Le Conseil supérieur de la magistrature dissous a exprimé, dans un communiqué rendu public le 14 février 2022, son « rejet total » du décret présidentiel n°2022-11 portant création d’un Conseil supérieur provisoire de la magistrature, considérant que ses amendements sont une « atteinte à l’indépendance de la magistrature » et une « grave régression » des acquis constitutionnels et législatifs dont ils bénéficient depuis des décennies.
Il dénonce « une violation des droits fondamentaux des magistrats » liés à leurs carrières professionnelles (nominations, avancements, mutations et affectations) et à leurs parcours disciplinaires et aux garanties qui y sont associées comme le droit à la défense et à un procès équitable.
Selon la même source, le CSM rejette « fermement le transfert de cette autorité au pouvoir exécutif », rappelant qu’il est une institution constitutionnelle créée par le législateur constitutionnel « qui seul, parmi les autorités législatives qui lui sont inférieures, a le pouvoir de créer des institutions alternatives ».
« La création du CSM provisoire en vertu du décret n°2022-11 est de ce fait nulle et non avenue parce que contraire au principe de séparation des pouvoirs constituant et législatif », souligne-t-il. Le CSM dissous met en garde contre l’implication d’une partie de ses membres désignés par titre dans la composition du Conseil provisoire, les appelant à ne pas accepter.
Il considère que « la création d’un Conseil provisoire n’a rien à voir avec la réforme judiciaire », mais qu’elle « réduit les magistrats au statut de fonctionnaires soumis au pouvoir exécutif » et viole la Constitution en excluant les membres qui ne sont pas magistrats.
Dans le même contexte, le CSM avertit que tous les textes législatifs, y compris les décrets, restent soumis à l’article 49 de la Constitution qui leur interdit de porter atteinte à l’essence des droits et libertés et empêche la rétractation, considérant que le décret n°2022-11 porte atteinte au droit des magistrats de se former en syndicats et en associations.
Il est à mentionner que l’Union des magistrats administratifs s’est déclarée opposée à la décision du président de la République de remplacer le Conseil supérieur de la magistrature (CSM) par un conseil « provisoire », réaffirmant sa détermination à s’engager dans « toutes les formes de lutte afin de défendre l’indépendance de la justice et faire face à toutes les atteintes au pouvoir judiciaire ».

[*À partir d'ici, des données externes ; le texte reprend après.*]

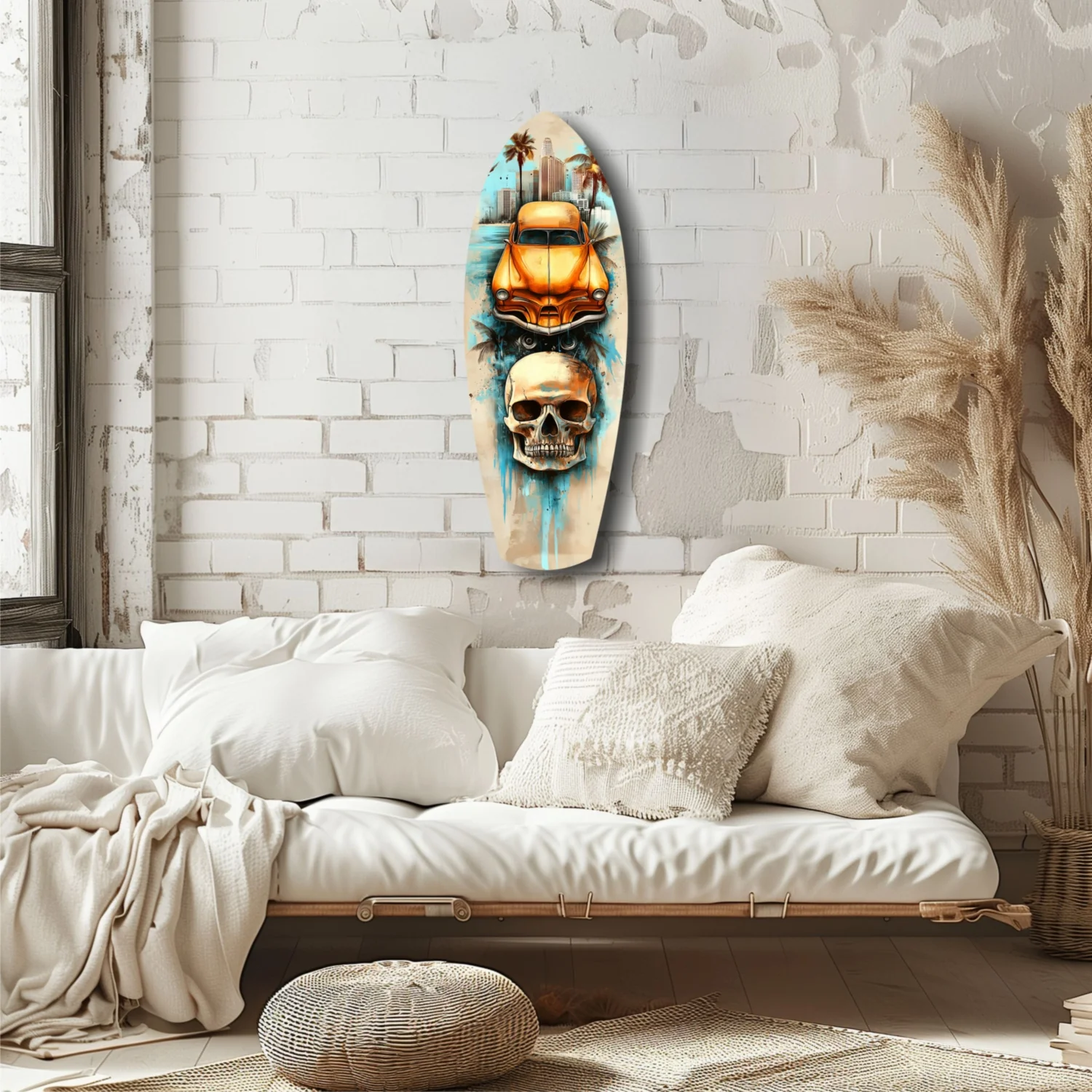 Retro Rides Rebel Skulls Glass Wall Art - Image 6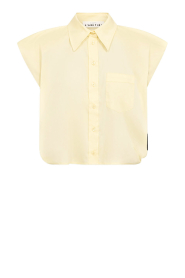 Haute L'Amitié | Sleeveless poplin blouse Dinnie |  yellow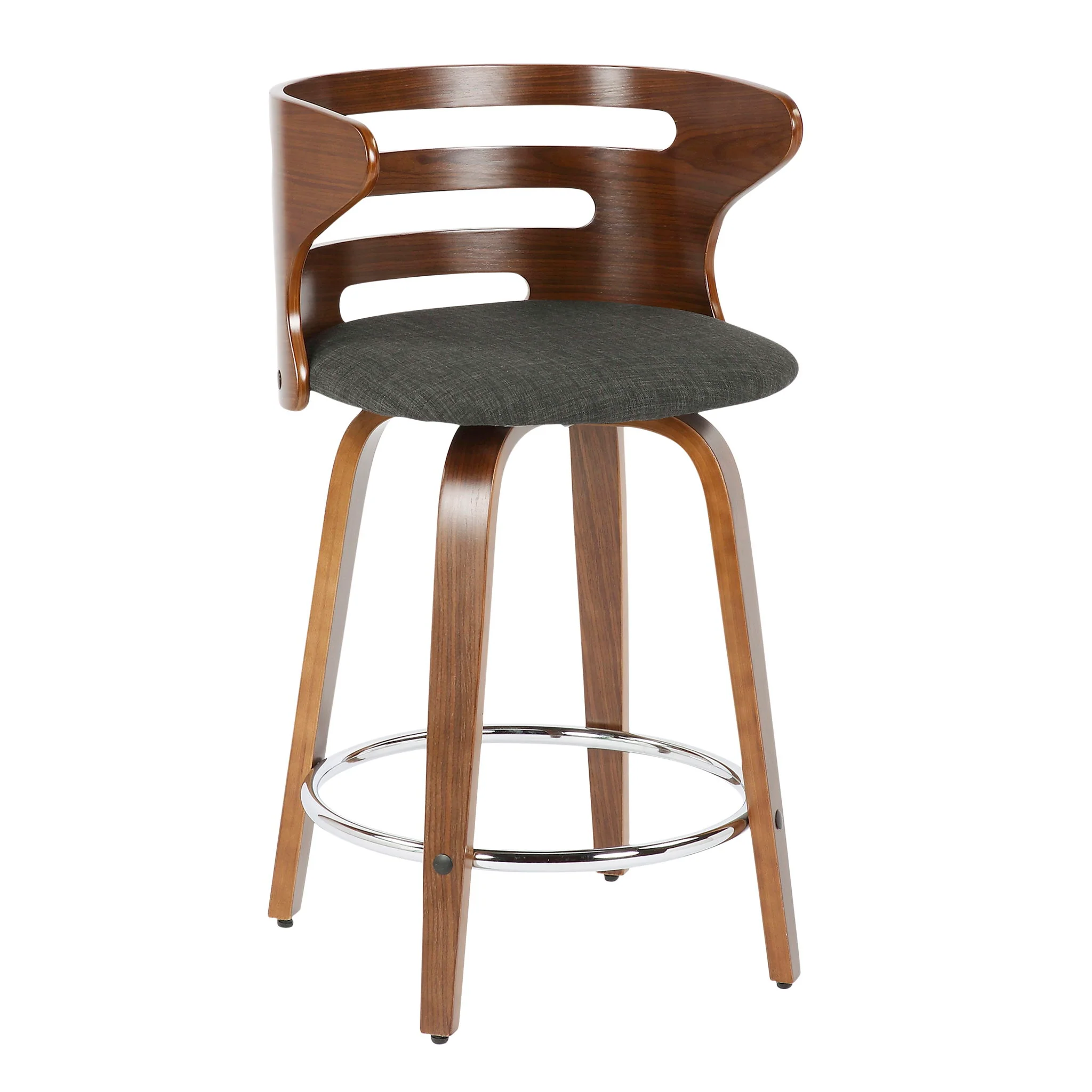 Cosini - Mid Century Modern Fixed Height Counter Stool With Footrest With Swivel (Set of 2) - Image 8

L’Union des magistrats a indiqué, dans un communiqué rendu public le 13 février 2022, que le décret relatif au Conseil supérieur de la magistrature intérimaire est « nul et non avenu ». Elle a, également, appelé les juges nommés et les magistrats à la retraite à ne pas reconnaître ce conseil et à boycotter ses travaux.
Rappelons que le décret présidentiel portant création du Conseil supérieur provisoire de la magistrature est paru aujourd’hui dimanche 13 février 2022 au Journal officiel de la République tunisienne (JORT). Le Président de la République Kaïs Saïed avait promulgué, très tard dans la soirée du samedi, le décret portant dissolution du Conseil supérieur de la magistrature (CSM), au cours d’une rencontre avec la Cheffe du gouvernement Najla Bouden et la ministre de la Justice Leila Jaffel.
Le décret n° 2022-11 en date du 12 février 2022 énonce, dans l’article 1 de son chapitre premier, que le Conseil supérieur provisoire de la magistrature « jouit d’une indépendance fonctionnelle, administrative et financière. Il supervise les affaires de l’ordre judiciaire, administratif et financier et remplace le Conseil supérieur de la magistrature prévu par la loi organique n° 2016-34 du 28 avril 2016. Son règlement intérieur devra être fixé dans un délai maximal d’un mois à partir de sa première réunion, précise-t-il.